Please stop, his ego is big enough
So Willamette Week had fun this week with its Vancouver issue, or, as they call us on the front page (apologies to Axl, Slash & Co.) — “Paradise City.”
“Take me to Vancouver, where the grass is legal and gays can marry.”
On their tour of our fair city, Martin Cizmar wrote:
“Everywhere, the natives welcomed us, sharing lessons from their homeland. In some ways, Vancouver lives up to its reputation as a miles-long strip mall. But, tucked among the sellers of mozzarella sticks and snow tires, you’ll find things arty and progressive even before the coming influx of dope-smoking gay-rights activists.

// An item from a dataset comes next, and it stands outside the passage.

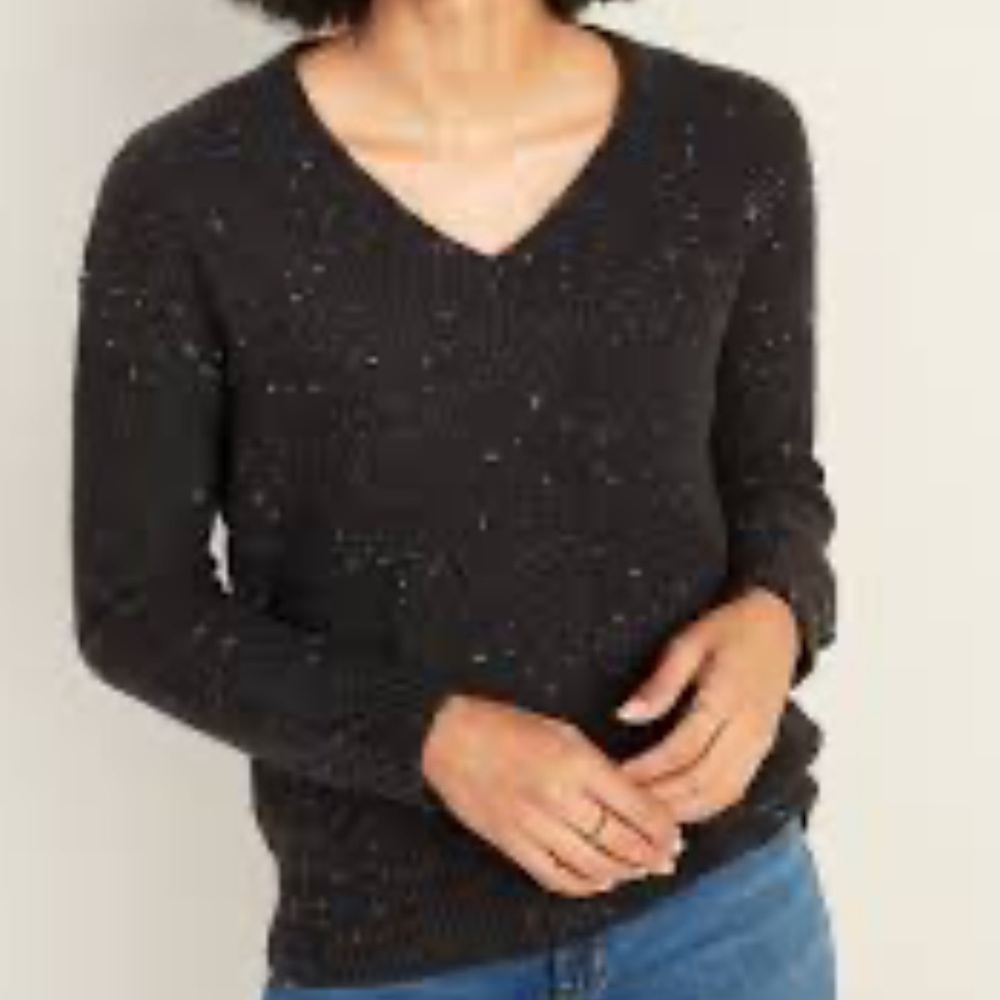 Halogen Cashmere black white Polka Dot V Neck Sweater Size S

By neglecting to push our state laws forward, Oregonians have ceded the high ground.
Now, we must learn the Vancouver way.”
All of that is in good fun, and that’s fine. But I saw something on Facebook today, and I want to make it clear to Portlanders who want to check us out that, whatever you call Vancouver Mayor Tim Leavitt, please don’t call him this:
We call him Mayor Hoff.
The pic was snapped as Mayor Hoff spoke outside of the Clark County Public Service Center to help commemorate the first day same-sex couples could get marriage licenses.
Mayor Hoff was fashionably (cough, 35 minutes) late and appears to be attempting to grow facial hair.
Call him any other f-word, just not foxy.